The trailing price to earnings for the 12 months ended March 4, 2021 was 26.6. For every dollar of profits through the 12 month period ending December 31, 2020, investors in the average stock in the Standard & Poor’s 500 stock index were paying $26.63. The average price/earnings ratio of the S&P 500 since 1961 is 16.6.
But what’s different this time is that the 10-year Treasury bond yield is very low. Although the price/earnings ratio has been a reliable indicator of stock valuations in the past, interest rates are so low that it currently makes the p/e ratio a poor measure of whether stocks are priced too high. Even the Federal Reserve thinks p/e ratios are not relevant for evaluating the risk in the stock market currently.
According to the Federal Reserve Board’s November 2020, Financial Stability Report (FSR), which is published semi-annually, stocks are reasonably priced relative to the yield on a 10-year Treasury bond.
The Fed’s model for evaluating whether the stock market is expensive is shown in this chart. The Fed is not worried about the high p/e ratio of stocks. The Fed is focused on the spread of the 10-year Treasury bond yield versus the current p/e ratio. Since yields are so low, the Fed does not view the high p/e ratios on stocks as a big risk.
“Prices relative to forecasts of corporate earnings have also risen considerably and are currently near the top of their historical distribution, even though there is significant uncertainty in the earnings outlook among market participants,” the Fed says in its most recent FSR “However, while the gap between the forward earnings-to-price ratio and the expected real yield on 10-year Treasury securities—a rough measure of the premium that investors require for holding risky corporate equities—has declined since May, it remains above its historical median due to the low level of Treasury yields. This development suggests that investor risk appetite, though higher since May, is still within historical norms.”

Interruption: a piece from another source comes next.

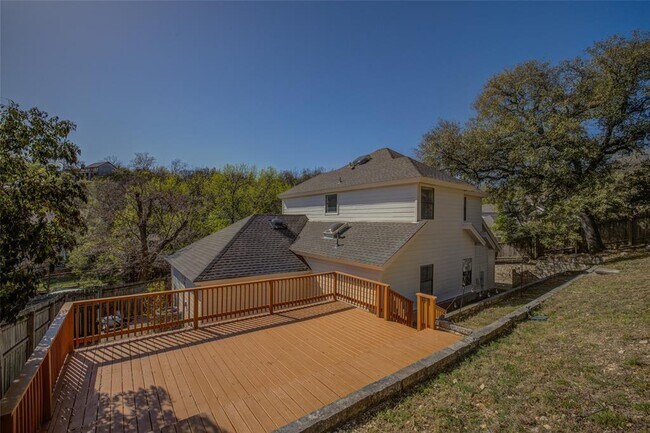 Building Photo - 10002 Talleyran Dr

While stocks are currently priced near all-time highs, traditional valuation measures are also higher than normal, and while a confluence of unprecedented events are likely to make stocks more expensive in the days and weeks ahead, the yield curve is nowhere close to inverting. The Fed has caused all of the recessions and triggered most bear markets in stocks in modern history, usually by inverting the yield curve. For example, the Fed inverted the yield curve before the stock market collapse of 2000. Currently, the yield curve is not even close to inverting, giving the Fed room to raise interest rates as the economy continues to recover from the pandemic recession.
This is a time during which professional financial advice is critically important as well as a time to plan and to capitalize on the unusual conditions and opportunities it is spawning.